* Input for this task
* * * *
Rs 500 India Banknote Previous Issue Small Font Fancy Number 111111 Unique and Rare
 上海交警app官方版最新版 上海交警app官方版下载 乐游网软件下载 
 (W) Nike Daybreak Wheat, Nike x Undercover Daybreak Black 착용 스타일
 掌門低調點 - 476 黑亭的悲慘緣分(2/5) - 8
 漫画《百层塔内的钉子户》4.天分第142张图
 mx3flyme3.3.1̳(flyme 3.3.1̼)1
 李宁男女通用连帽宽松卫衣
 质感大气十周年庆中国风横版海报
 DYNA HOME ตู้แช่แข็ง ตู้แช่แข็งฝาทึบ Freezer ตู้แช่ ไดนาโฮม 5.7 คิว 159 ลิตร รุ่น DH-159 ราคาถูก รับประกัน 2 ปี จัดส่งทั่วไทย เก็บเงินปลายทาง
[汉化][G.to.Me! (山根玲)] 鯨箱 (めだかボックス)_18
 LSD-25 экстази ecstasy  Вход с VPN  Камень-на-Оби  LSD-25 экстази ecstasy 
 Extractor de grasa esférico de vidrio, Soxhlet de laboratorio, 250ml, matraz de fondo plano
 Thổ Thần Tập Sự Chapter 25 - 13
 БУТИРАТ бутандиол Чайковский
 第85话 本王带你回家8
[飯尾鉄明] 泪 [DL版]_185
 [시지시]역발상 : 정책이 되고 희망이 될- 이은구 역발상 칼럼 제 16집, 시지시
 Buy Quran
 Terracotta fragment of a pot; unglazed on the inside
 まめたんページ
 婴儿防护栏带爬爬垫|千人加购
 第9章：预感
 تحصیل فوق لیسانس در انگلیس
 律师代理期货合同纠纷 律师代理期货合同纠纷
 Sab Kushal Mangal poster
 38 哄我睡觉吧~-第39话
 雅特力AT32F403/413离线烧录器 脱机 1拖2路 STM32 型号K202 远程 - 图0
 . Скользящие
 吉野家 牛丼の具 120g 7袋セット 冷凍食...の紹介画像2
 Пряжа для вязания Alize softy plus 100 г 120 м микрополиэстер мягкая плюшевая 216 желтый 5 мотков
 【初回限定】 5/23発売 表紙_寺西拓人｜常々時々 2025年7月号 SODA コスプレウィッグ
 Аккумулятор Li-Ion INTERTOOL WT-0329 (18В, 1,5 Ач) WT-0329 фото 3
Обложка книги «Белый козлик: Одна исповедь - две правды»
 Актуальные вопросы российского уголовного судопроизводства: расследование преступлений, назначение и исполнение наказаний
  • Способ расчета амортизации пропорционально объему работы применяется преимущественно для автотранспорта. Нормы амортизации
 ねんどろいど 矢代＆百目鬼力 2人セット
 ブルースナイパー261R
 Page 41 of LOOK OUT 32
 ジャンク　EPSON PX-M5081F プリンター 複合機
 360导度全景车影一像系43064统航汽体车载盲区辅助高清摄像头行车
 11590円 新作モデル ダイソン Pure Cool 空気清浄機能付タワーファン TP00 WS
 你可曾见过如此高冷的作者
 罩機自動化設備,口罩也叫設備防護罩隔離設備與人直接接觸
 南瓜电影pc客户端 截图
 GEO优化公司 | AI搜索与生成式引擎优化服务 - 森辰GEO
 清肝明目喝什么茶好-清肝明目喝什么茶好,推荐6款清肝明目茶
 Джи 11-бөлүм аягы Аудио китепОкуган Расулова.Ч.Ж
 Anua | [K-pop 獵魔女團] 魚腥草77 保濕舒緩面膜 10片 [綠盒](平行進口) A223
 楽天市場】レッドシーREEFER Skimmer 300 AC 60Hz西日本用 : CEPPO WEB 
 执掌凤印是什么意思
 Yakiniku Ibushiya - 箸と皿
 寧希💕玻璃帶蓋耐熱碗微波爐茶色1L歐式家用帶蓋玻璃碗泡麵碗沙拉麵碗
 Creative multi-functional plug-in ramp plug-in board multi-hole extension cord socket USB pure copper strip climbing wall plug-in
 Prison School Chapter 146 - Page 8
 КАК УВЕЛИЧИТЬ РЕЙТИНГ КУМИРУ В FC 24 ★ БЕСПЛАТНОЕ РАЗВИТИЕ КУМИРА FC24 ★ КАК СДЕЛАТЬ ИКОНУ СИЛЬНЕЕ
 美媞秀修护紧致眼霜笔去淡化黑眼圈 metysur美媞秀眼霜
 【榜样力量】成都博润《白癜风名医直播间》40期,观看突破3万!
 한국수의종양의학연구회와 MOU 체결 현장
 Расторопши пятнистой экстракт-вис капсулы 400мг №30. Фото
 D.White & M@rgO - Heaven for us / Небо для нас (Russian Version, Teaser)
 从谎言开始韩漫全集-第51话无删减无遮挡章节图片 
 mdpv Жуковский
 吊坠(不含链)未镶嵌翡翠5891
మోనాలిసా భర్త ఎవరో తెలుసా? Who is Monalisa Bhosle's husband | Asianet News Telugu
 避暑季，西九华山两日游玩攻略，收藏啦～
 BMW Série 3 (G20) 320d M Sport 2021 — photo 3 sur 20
* * * *
* What the task asks
Write out exactly the lines starting with the one that holds "避暑季，西九华山两日游玩攻略，收藏啦～" and running through the last line above.

* Solution
 避暑季，西九华山两日游玩攻略，收藏啦～
 BMW Série 3 (G20) 320d M Sport 2021 — photo 3 sur 20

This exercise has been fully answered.